Caption-style text data

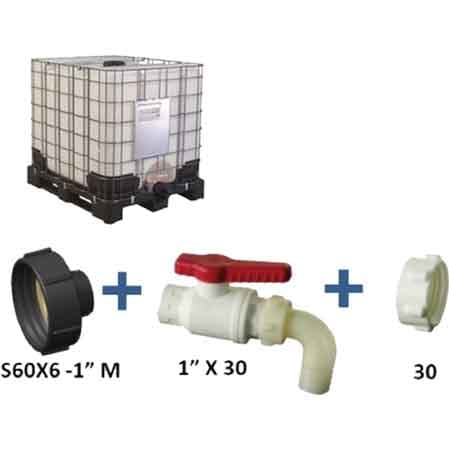 Set di Collegamento per Cisterne con Rubinetto Bucchi - 2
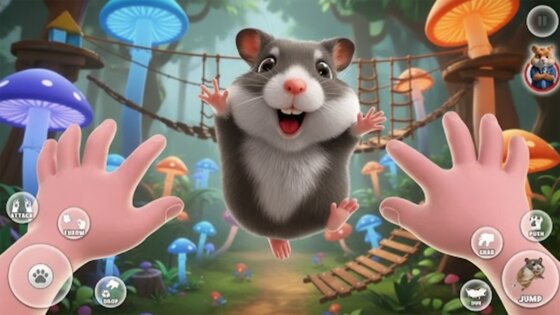 I Am Hamster Game Simulator 1.9. Скриншот 3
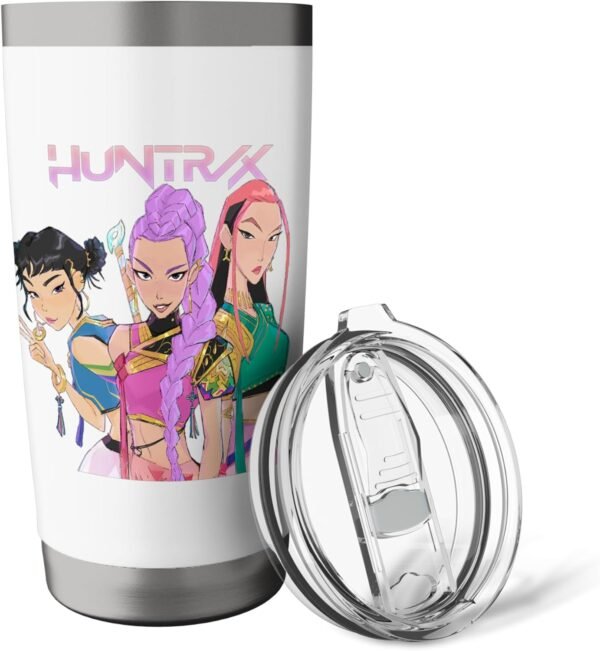 KPop Demon Hunters Stainless Steel Insulated Tumbler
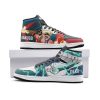 Deku And Bakugo My Hero Air Jordan 1 High Top Shoes 1 min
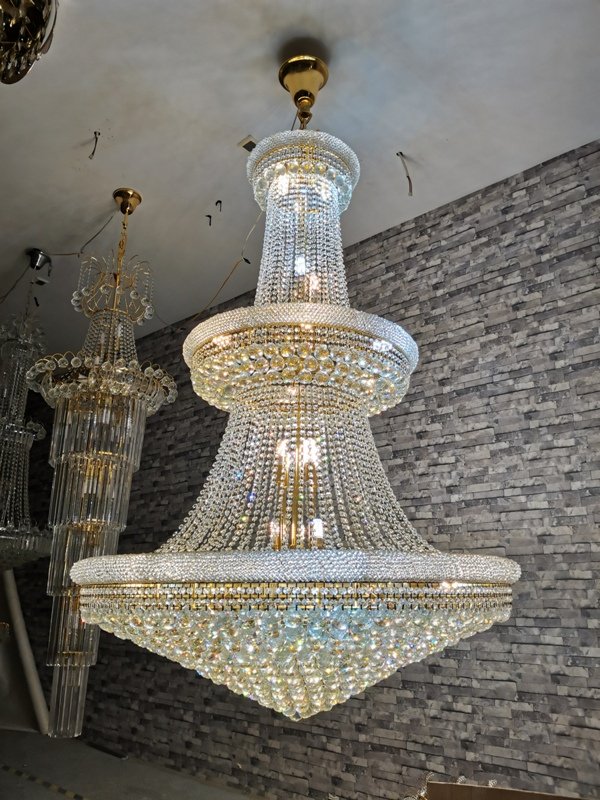 DLL Factory Small Pendant Light Chandelier Modern Crystal Dining Light Chrome Chandelier Hanging Living Room Lamp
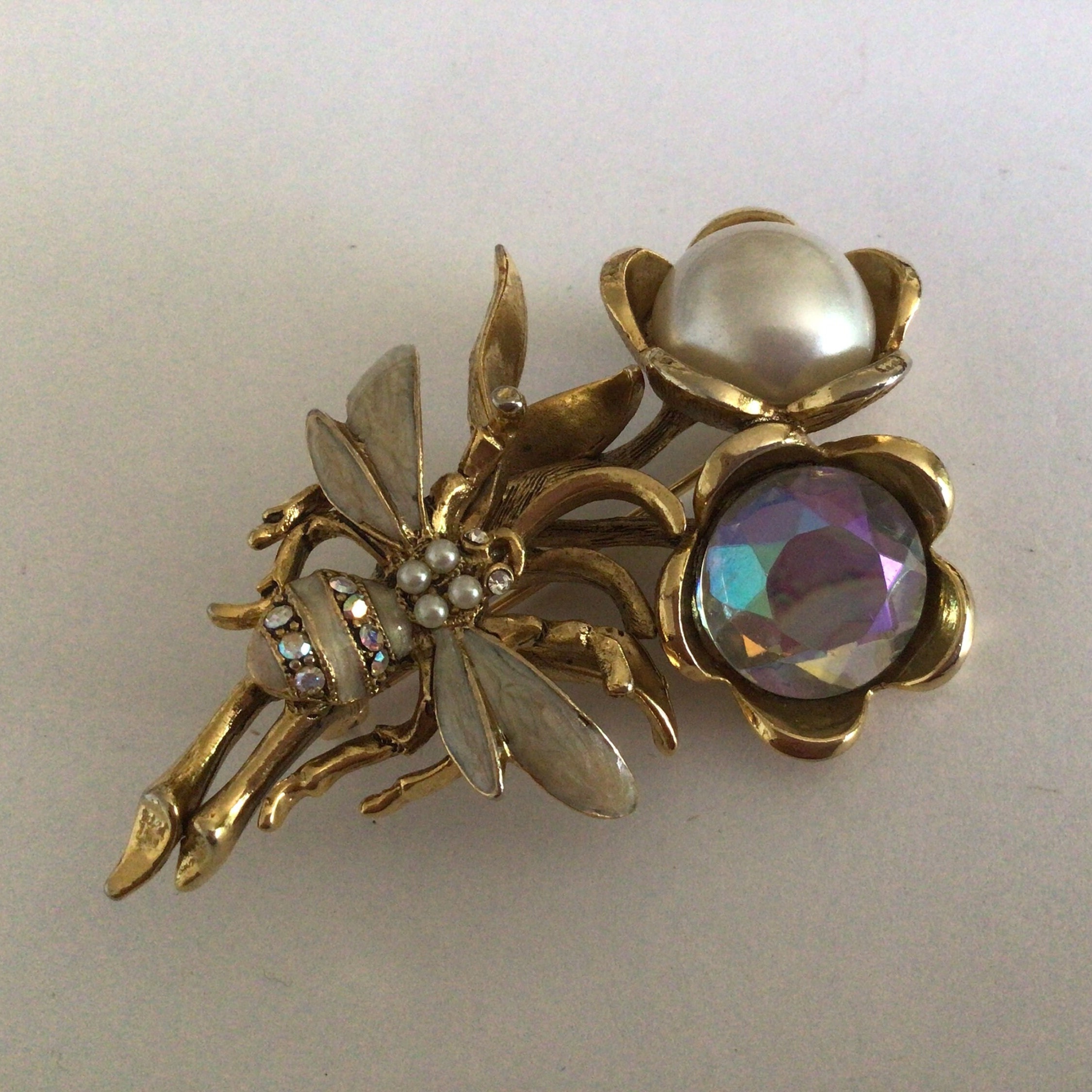 Oscar de la renta brooch - Etsy 日本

**Assignment**
Excluding all pictures, output exactly the lines from the line containing "I Am Hamster Game Simulator 1.9. Скриншот 3" through the last line of the entries above.

**Answer area**
 I Am Hamster Game Simulator 1.9. Скриншот 3
 KPop Demon Hunters Stainless Steel Insulated Tumbler
 Deku And Bakugo My Hero Air Jordan 1 High Top Shoes 1 min
 DLL Factory Small Pendant Light Chandelier Modern Crystal Dining Light Chrome Chandelier Hanging Living Room Lamp
 Oscar de la renta brooch - Etsy 日本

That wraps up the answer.